ENCADRÉ : CHOIX DE L’ANTIBIOTIQUE

Il convient de garder à l’esprit les propriétés des différentes molécules lors du choix de l’antibiothérapie, tout en respectant la législation liée à l’utilisation des antibiotiques critiques (décret n° 2016-317 du 16 mars 2016 et arrêté du 18 mars 2016).

Ainsi, la pénicilline ne pénètre pas très bien dans les abcès ou les zones de tissu nécrotique, et son activité est limitée dans les milieux acides, par exemple en cas de processus septique [10]. Il en va de même pour les aminoglycosides tels que la gentamicine, bien que l’association de la pénicilline et de la gentamicine résulte en une action synergique.

Si les sulfamides sont normalement inactivés par le pus, ils ont, en revanche, été utilisés avec succès en association avec la rifampicine pour traiter des abcès internes chez le cheval [17]. La rifampicine est liposoluble et pénètre très bien dans les tissus nécrotiques tels que les abcès. En revanche, elle doit être administrée en association avec d’autres molécules car les bactéries développent facilement des résistances lorsqu’elle est utilisée seule.

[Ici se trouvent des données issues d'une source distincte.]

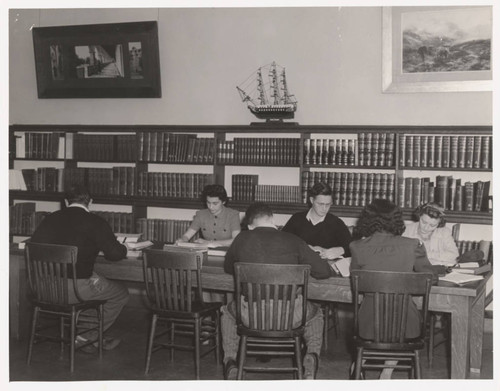 Mary Norton Clapp Library - Interior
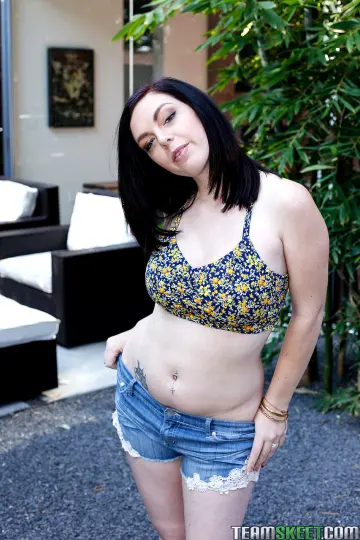 David Loso & Maryjane Mayhem - Titty Attack photo 8
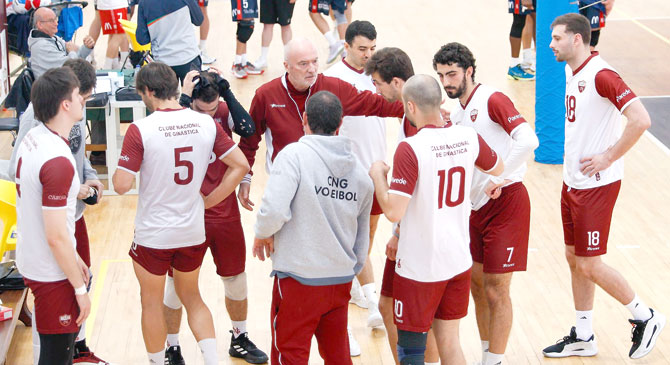 Vitória e derrota do Nacional de Ginástica, Voleibol de Oeiras vence dupla jornada(T)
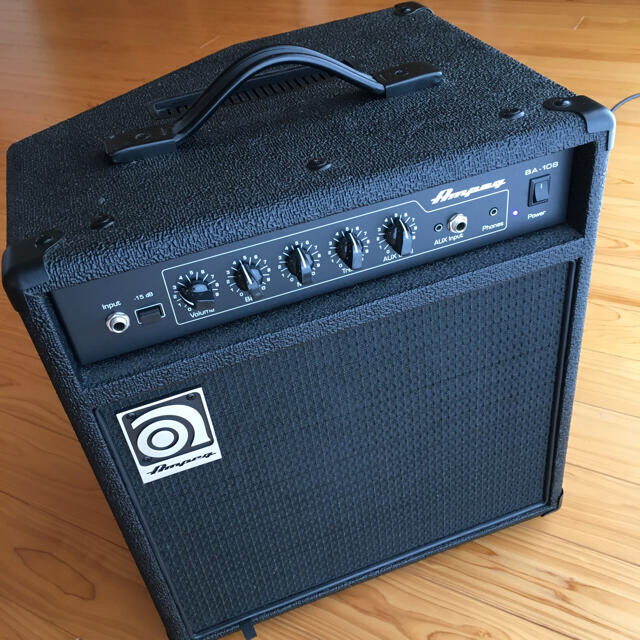 Ampeg ベースアンプ 付属品多数 【 大感謝セール】 3800円引き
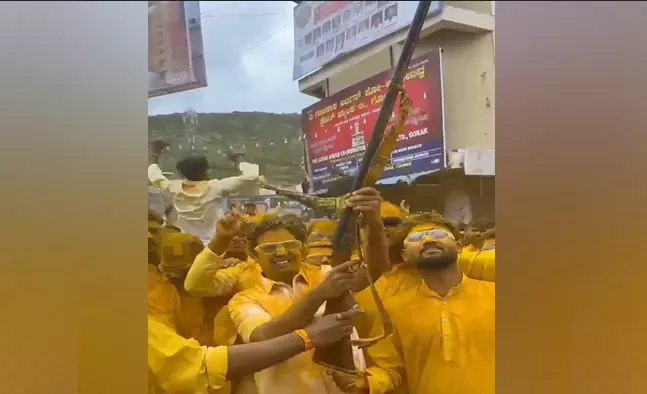 ಬೆಳಗಾವಿ | ಗಾಳಿಯಲ್ಲಿ ಗುಂಡು ಹಾರಿಸಿದ ರಮೇಶ್‌ ಜಾರಕಿಹೊಳಿ ಪುತ್ರ; ವಿಡಿಯೋ ವೈರಲ್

La législation française autorise l’emploi de la rifampicine en association avec des macrolides, seulement en cas de rhodococcose.

L’enrofloxacine présente une bonne pénétration intracellulaire, ce qui lui donne un intérêt lors d’abcès internes.

Enfin, le métronidazole représente une autre option thérapeutique en cas d’infections liées à des bactéries anaérobies.